The data stored in tables is persistent on the blockchain. It remains available even after the execution of a contract's actions or transactions.

Smart contracts can read, modify, and delete data in tables. This allows for the creation of decentralized applications with complex business logic that can interact with and update the stored data.

Tables have a scope, which defines the context in which the data is stored. Each row in a table has a primary key, which is a unique identifier for that specific row. The combination of scope and primary key allows contracts to organize and retrieve data efficiently.

Tables can have one or more indexes defined on specific fields. Indexes enhance the performance of data retrieval by enabling faster search and filtering capabilities.

Storing data in tables consumes RAM resources on the EOSIO network. Contracts typically need to manage their RAM usage efficiently to avoid running out of resources.

Reading Table Data with Cleos

To read table row data in EOSIO, you can use the EOSIO database API functions available within your smart contract.

Read the table row data

To read table row data using cleos on Ultra, you can use the get table command.

Here's how you can do it:

sh
cleos get table <contract_account> <scope> <table_name>
  • <contract_account>: The EOSIO account associated with the smart contract containing the table.
  • <scope>: The scope or context in which the table data is stored.
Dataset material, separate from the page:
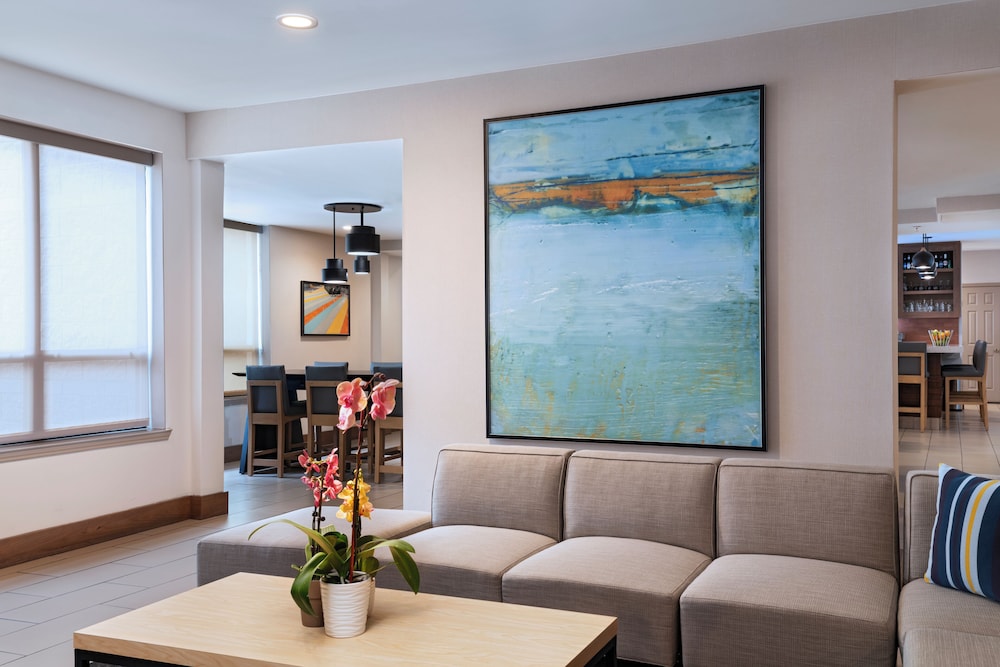 HYATT house Dallas/Uptown 48/71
It determines the subset of data you want to retrieve.
  • <table_name>: The name of the table you want to read.

Replace <contract_account>, <scope>, and <table_name> with the actual values specific to your contract and table.
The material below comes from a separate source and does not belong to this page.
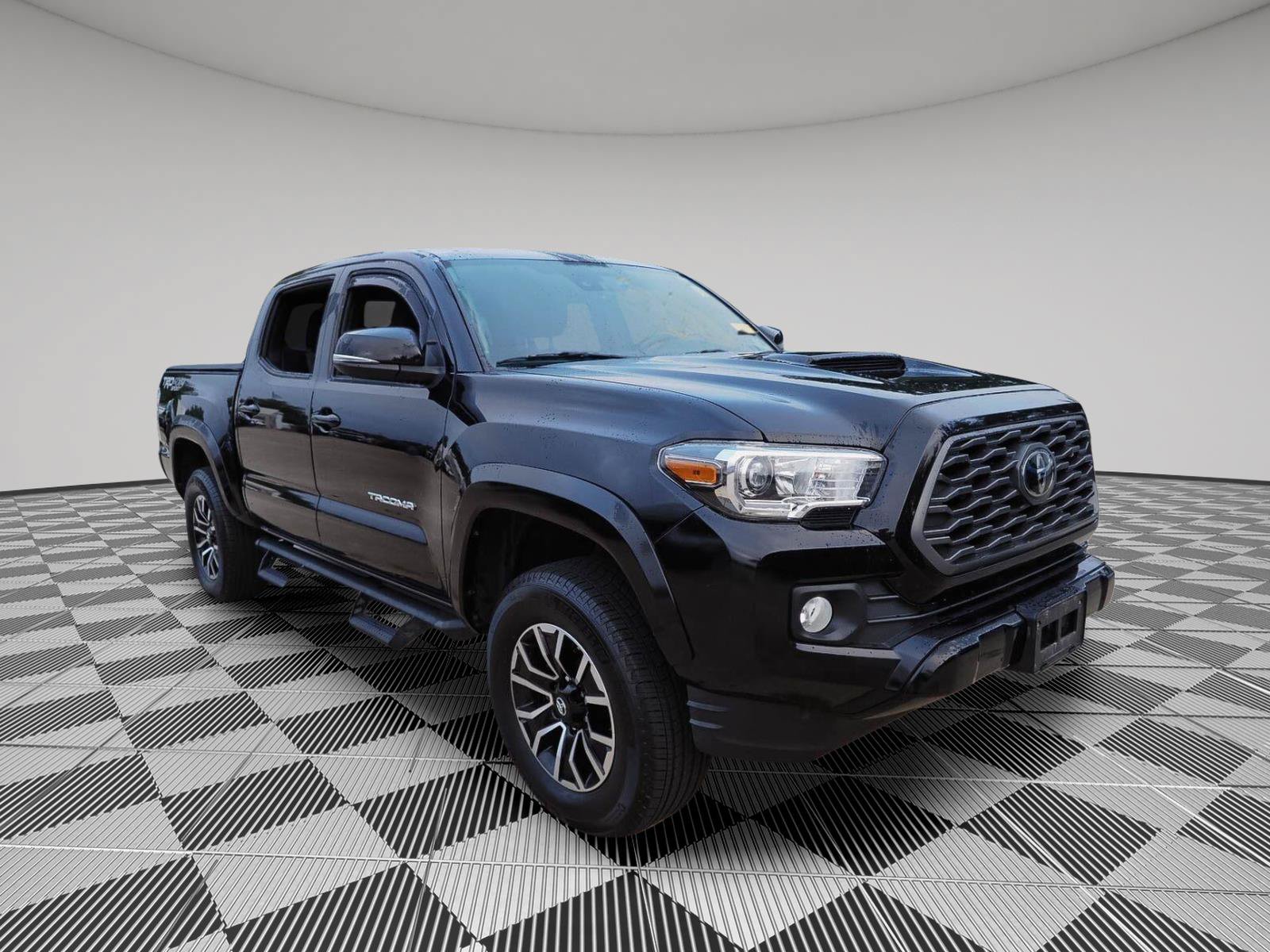 Used 2020 Toyota Tacoma TRD Sport AWD/4WD image 3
For example, if you want to read the accounts table of the eosio.token contract on the EOS mainnet, you can use the following command:

sh
cleos get table eosio.token myaccount accounts

This command retrieves the table data for the accounts table in the eosio.token contract, scoped to the account myaccount.

The output will display the table row data in JSON format, including all the rows and their associated fields.

Note: The get table command retrieves the entire table, so it may take some time to display the output if the table has a large number of rows. If you only need specific rows or want to filter the results, you can use additional options like --lower, --upper, or --index with the get table command. Check the cleos documentation for more details on these options.

Using the get table command in cleos, you can conveniently retrieve and view table row data on the EOSIO blockchain without the need for direct smart contract interaction.

Using Scope

When using cleos to interact with Ultra table data, you can specify the scope parameter to retrieve table data associated with a specific scope. Here's how you can use scope with cleos to query table data:

sh
cleos get table <contract_account> <scope> <table_name>
  • <contract_account>: The EOSIO account associated with the smart contract containing the table.
  • <scope>: The scope or context in which the table data is stored. It determines the subset of data you want to retrieve.
  • <table_name>: The name of the table you want to query.

Replace <contract_account>, <scope>, and <table_name> with the actual values specific to your contract and table.

For example, if you want to retrieve the table data with a scope of "myaccount" from the accounts table of the eosio.token contract on the EOS mainnet, you can use the following command:

sh
cleos get table eosio.token myaccount accounts

This command retrieves the table data for the accounts table in the eosio.token contract, specifically scoped to the account name "myaccount".

The output will display the table row data in JSON format, including all the rows and their associated fields that match the specified scope.

By providing the desired scope parameter in the get table command, you can retrieve table data associated with a specific scope using cleos. This allows you to access and view subsets of data within the table based on your defined scopes.